***** DATASET EXTRACT

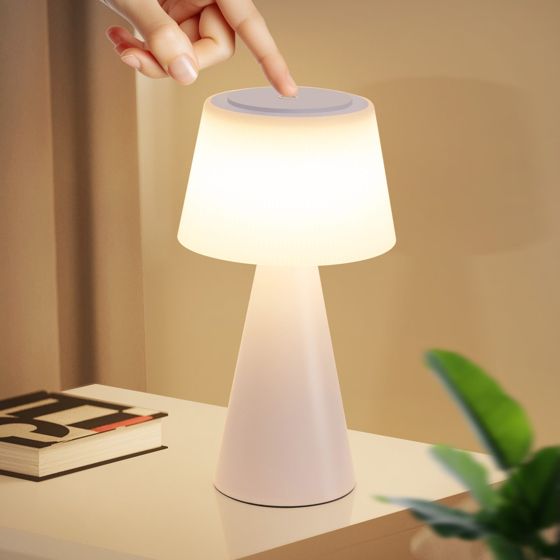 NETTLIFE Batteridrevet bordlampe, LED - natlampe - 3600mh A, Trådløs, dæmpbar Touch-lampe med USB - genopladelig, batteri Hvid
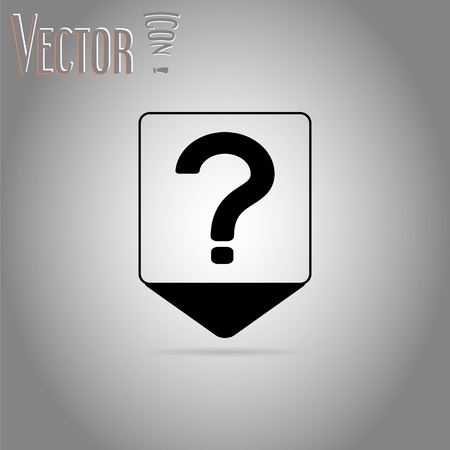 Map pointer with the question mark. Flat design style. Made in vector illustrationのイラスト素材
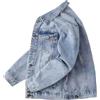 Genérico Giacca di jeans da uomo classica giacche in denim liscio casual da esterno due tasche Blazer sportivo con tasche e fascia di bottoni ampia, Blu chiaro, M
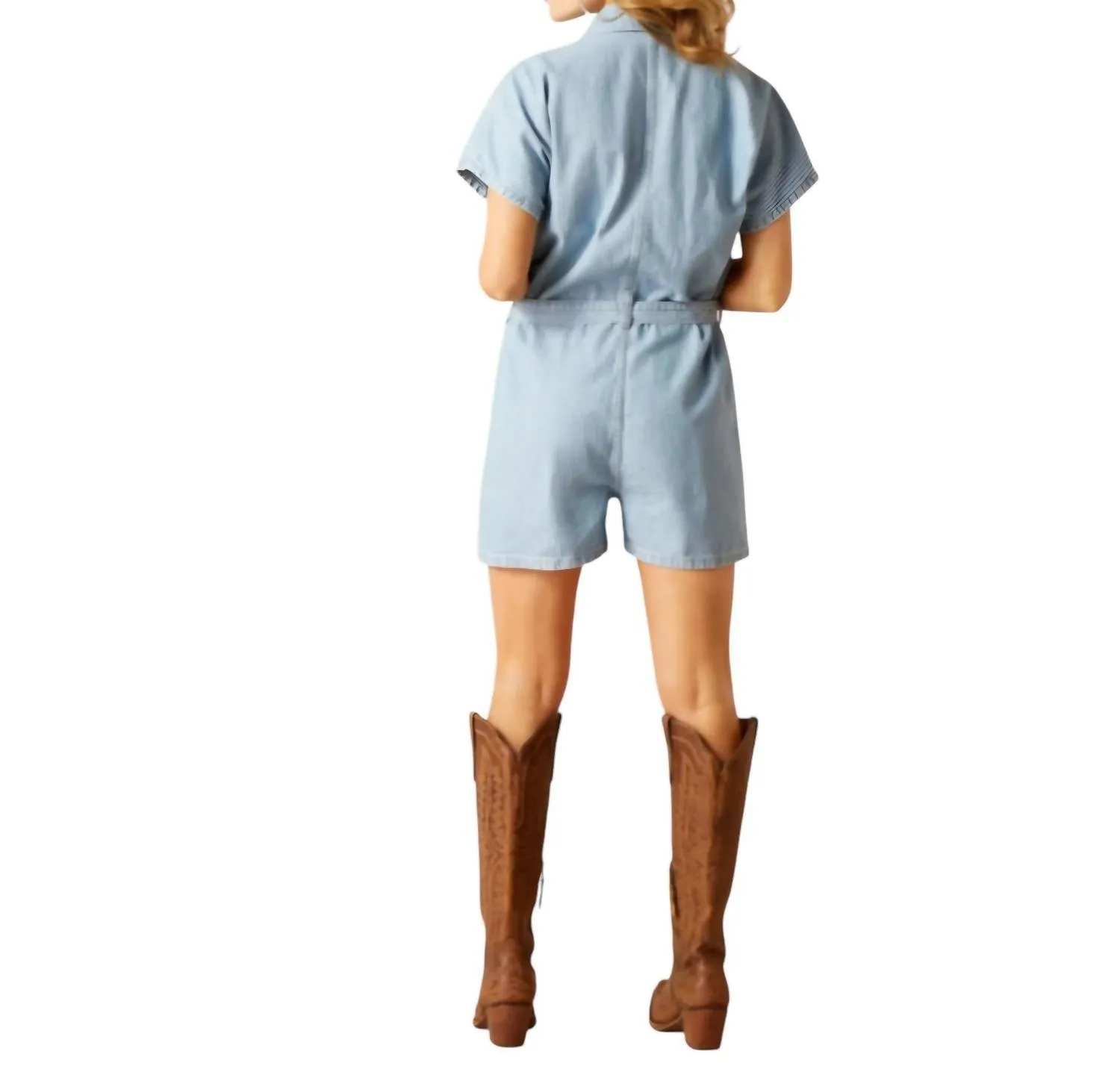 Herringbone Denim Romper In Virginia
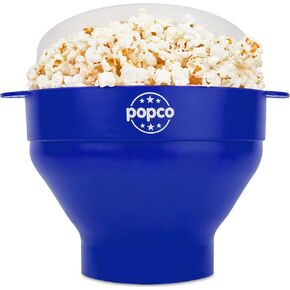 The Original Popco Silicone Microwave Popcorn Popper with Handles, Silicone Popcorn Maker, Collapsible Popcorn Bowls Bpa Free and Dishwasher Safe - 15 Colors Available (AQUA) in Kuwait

**********

> **WHAT THE TASK ASKS**: Where the data contains images, drop them and print the rest exactly.

> **SOLUTION TO THE EXERCISE**:
 NETTLIFE Batteridrevet bordlampe, LED - natlampe - 3600mh A, Trådløs, dæmpbar Touch-lampe med USB - genopladelig, batteri Hvid
 Map pointer with the question mark. Flat design style. Made in vector illustrationのイラスト素材
 Genérico Giacca di jeans da uomo classica giacche in denim liscio casual da esterno due tasche Blazer sportivo con tasche e fascia di bottoni ampia, Blu chiaro, M
 Herringbone Denim Romper In Virginia
 The Original Popco Silicone Microwave Popcorn Popper with Handles, Silicone Popcorn Maker, Collapsible Popcorn Bowls Bpa Free and Dishwasher Safe - 15 Colors Available (AQUA) in Kuwait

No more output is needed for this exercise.